Stored data Start Marker

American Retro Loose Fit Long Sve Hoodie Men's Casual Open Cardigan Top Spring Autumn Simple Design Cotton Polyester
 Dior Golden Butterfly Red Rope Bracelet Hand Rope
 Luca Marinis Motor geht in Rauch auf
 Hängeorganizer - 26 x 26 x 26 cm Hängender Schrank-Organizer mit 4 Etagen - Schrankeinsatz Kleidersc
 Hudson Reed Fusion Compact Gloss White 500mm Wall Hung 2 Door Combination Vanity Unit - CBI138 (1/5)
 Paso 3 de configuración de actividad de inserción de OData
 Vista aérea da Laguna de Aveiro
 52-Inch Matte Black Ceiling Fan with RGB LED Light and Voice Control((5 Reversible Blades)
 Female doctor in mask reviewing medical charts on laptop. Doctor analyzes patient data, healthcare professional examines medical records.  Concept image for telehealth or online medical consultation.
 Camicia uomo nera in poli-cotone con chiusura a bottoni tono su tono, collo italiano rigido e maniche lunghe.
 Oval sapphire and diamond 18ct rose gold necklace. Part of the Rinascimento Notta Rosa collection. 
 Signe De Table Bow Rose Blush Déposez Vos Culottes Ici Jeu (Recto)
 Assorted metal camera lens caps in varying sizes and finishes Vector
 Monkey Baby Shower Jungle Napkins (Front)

Stored data End Marker

* **Problem to work on**
Would you transcribe every entry exactly?

* **Solution to this task**
American Retro Loose Fit Long Sve Hoodie Men's Casual Open Cardigan Top Spring Autumn Simple Design Cotton Polyester
 Dior Golden Butterfly Red Rope Bracelet Hand Rope
 Luca Marinis Motor geht in Rauch auf
 Hängeorganizer - 26 x 26 x 26 cm Hängender Schrank-Organizer mit 4 Etagen - Schrankeinsatz Kleidersc
 Hudson Reed Fusion Compact Gloss White 500mm Wall Hung 2 Door Combination Vanity Unit - CBI138 (1/5)
 Paso 3 de configuración de actividad de inserción de OData
 Vista aérea da Laguna de Aveiro
 52-Inch Matte Black Ceiling Fan with RGB LED Light and Voice Control((5 Reversible Blades)
 Female doctor in mask reviewing medical charts on laptop. Doctor analyzes patient data, healthcare professional examines medical records.  Concept image for telehealth or online medical consultation.
 Camicia uomo nera in poli-cotone con chiusura a bottoni tono su tono, collo italiano rigido e maniche lunghe.
 Oval sapphire and diamond 18ct rose gold necklace. Part of the Rinascimento Notta Rosa collection. 
 Signe De Table Bow Rose Blush Déposez Vos Culottes Ici Jeu (Recto)
 Assorted metal camera lens caps in varying sizes and finishes Vector
 Monkey Baby Shower Jungle Napkins (Front)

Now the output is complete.